» **EXERCISE INSTRUCTIONS**
Print, exactly and with no pictures, the line containing "Old Town Apartment" and each line after it to the end of the entries below.

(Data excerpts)
•••••

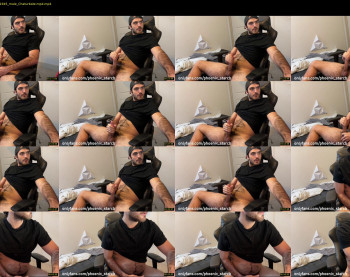 phoenix_star — 8 minute Chaturbate male cam show recording, 1080p, Feb 28, 2022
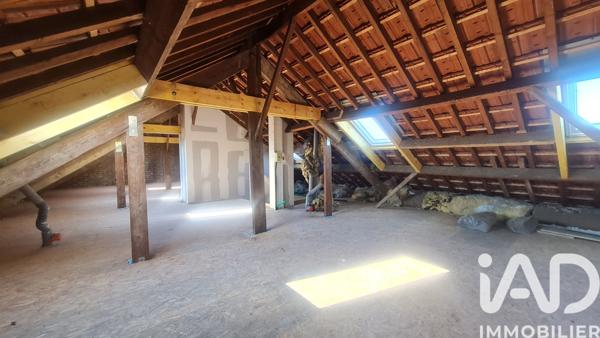 Studio à vendre 76,7 m² Reims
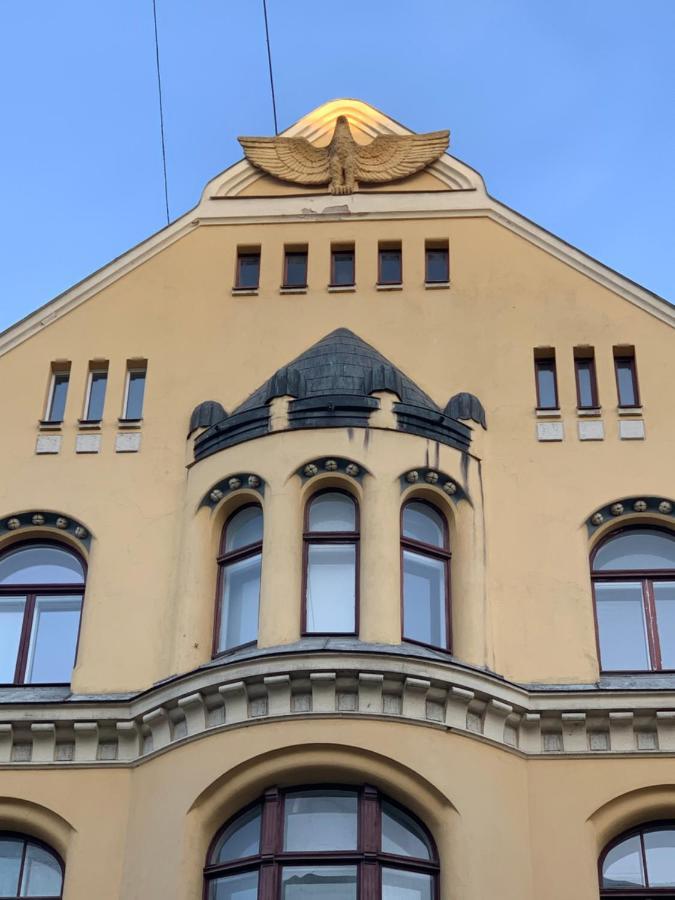 Old Town Apartment Next To Saint Peter'S Church Riga Exteriör bild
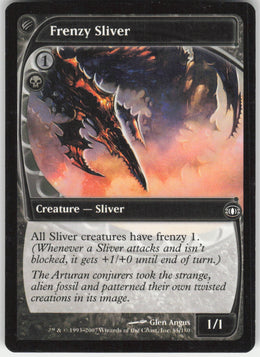 Frenzy Sliver #85/180 Non-Foil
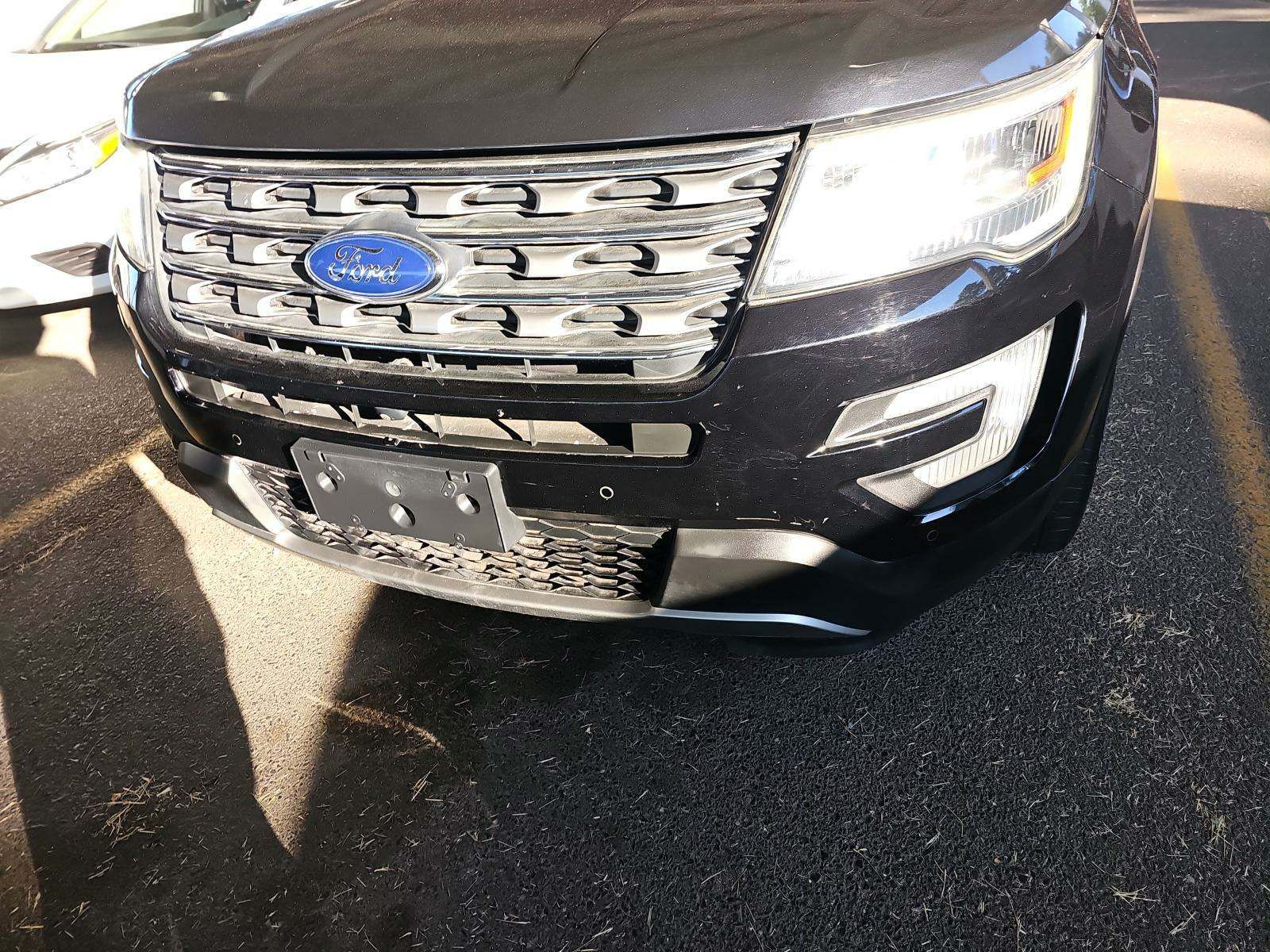 2016 Ford Explorer Limited AWD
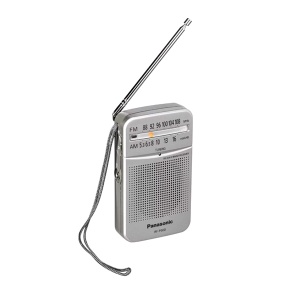 Prenosni radio na baterije Panasonic RF-P50DEG-S - Img 2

•••••

» **TASK OUTPUT**
 Old Town Apartment Next To Saint Peter'S Church Riga Exteriör bild
 Frenzy Sliver #85/180 Non-Foil
 2016 Ford Explorer Limited AWD
 Prenosni radio na baterije Panasonic RF-P50DEG-S - Img 2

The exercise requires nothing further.